本としての完成度!『イヴリン嬢は七回殺される』
『イヴリン嬢は七回殺される』クリスティ的イギリス館ミステリーのはずが、主人公が同じ日を繰り返すループものかつ、別人に転移するというさらに上乗せ設定のために混沌を極めるかと思いきや、徹底的に突き詰められたロジックによって、混沌を感じつつサクサク読めるというちょっと類を見ない怪作!
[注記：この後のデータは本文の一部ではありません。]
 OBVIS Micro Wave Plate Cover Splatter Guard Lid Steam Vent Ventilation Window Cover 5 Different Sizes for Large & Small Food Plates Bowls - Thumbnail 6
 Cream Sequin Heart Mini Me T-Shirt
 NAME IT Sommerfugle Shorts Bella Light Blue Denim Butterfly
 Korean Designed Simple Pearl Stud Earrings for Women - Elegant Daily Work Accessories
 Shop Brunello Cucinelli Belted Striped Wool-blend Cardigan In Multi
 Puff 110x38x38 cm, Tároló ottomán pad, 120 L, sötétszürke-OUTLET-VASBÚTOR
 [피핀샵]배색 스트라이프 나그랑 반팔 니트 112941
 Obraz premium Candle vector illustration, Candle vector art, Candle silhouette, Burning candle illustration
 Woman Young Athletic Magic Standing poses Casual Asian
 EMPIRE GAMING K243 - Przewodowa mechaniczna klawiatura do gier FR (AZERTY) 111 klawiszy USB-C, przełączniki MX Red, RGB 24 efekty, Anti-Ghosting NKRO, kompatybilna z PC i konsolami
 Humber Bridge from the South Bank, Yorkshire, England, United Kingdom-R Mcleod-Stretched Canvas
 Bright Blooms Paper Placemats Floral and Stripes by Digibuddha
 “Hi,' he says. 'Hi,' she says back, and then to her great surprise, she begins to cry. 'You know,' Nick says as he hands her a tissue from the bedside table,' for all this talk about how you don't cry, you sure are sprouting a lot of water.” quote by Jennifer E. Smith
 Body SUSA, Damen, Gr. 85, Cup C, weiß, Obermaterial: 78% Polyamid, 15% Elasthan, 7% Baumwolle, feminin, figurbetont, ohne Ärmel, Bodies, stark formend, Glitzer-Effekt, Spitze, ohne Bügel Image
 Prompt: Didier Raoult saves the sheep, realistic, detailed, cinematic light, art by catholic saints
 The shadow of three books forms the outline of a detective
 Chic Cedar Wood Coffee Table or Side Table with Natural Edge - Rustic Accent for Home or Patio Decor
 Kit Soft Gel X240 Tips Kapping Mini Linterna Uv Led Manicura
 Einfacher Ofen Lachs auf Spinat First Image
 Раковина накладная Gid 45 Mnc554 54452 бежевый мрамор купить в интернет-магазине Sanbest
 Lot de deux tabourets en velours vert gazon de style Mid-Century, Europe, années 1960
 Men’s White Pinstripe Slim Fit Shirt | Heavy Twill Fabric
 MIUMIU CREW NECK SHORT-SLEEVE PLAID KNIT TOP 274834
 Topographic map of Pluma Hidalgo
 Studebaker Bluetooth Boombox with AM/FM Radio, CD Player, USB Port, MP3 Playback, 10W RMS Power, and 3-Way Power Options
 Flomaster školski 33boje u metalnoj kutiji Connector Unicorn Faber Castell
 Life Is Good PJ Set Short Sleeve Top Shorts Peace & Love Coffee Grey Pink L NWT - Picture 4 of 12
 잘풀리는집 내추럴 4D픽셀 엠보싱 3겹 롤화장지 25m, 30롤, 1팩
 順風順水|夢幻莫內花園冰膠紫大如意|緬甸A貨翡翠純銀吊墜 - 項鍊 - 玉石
冒頭の、いったいなにが起こってるんだ、自分はだれだ、というめまいにも似た浮遊感。そしてあっという間に1日が過ぎ、別人格に転移して別の目線から見る同じ日という衝撃。何度もトライし謎を解いていくのはゲーム的で、だとしたらメチャクチャ面白いチュートリアルをやってる気分になる。
あと装丁の良さも特筆。見返しに書かれた屋敷の図面や、表紙の手書き文字も流通フォントにない味わい。このフォント(イヴリンフォント)ほしいなあ。内容だけじゃなく、トータル、本としての完成度の高い一作でした。候補にあった赤バージョンも魅力。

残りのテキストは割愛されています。